*Task:*
Please print, exactly, only the lines in the entries below from the line that has "Casa unifamiliar Venta" through the line that has "WhatsApp Image 2024-05-05 at 09.45". Pictures don't go in.

*Input data:*
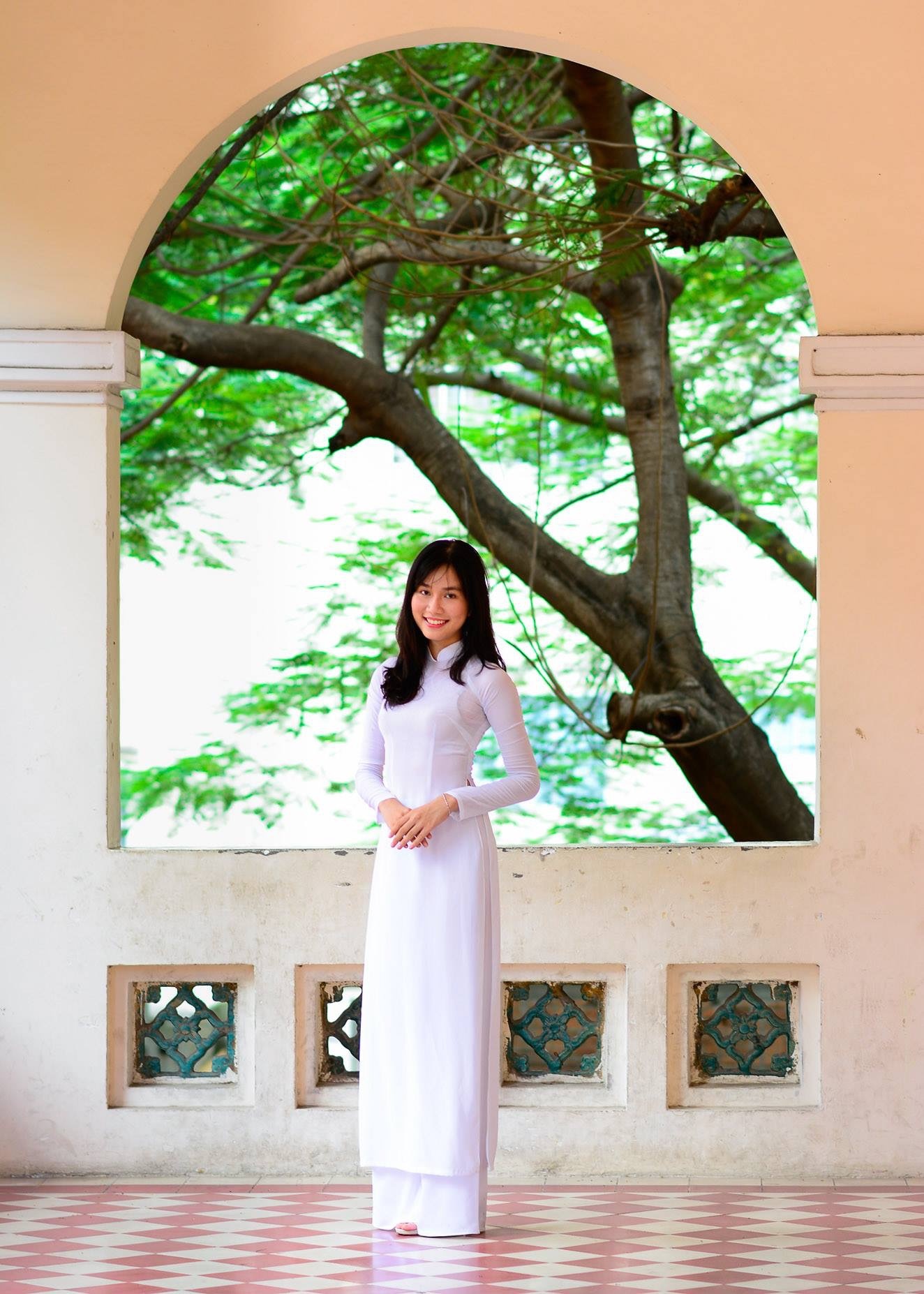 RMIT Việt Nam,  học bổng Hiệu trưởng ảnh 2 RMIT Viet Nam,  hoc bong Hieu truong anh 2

* * *

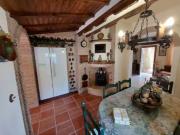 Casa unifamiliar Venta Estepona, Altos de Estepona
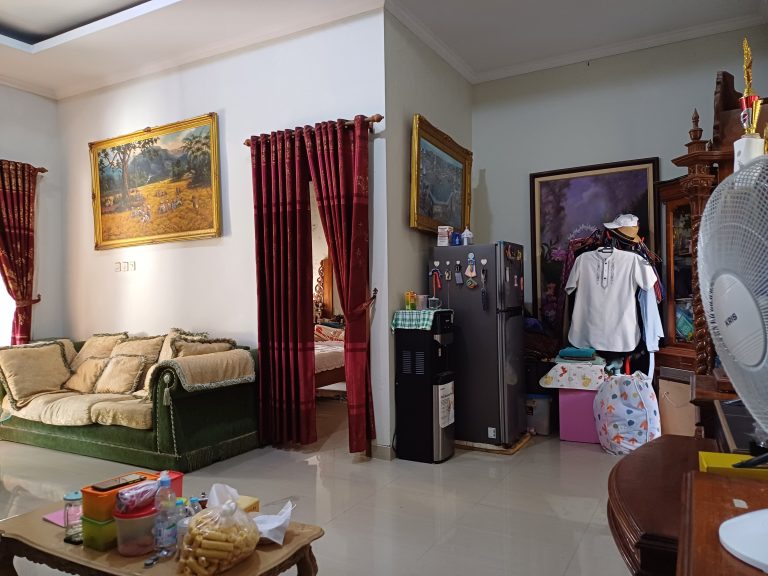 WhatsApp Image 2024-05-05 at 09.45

*Solution to this problem:*
 Casa unifamiliar Venta Estepona, Altos de Estepona
 WhatsApp Image 2024-05-05 at 09.45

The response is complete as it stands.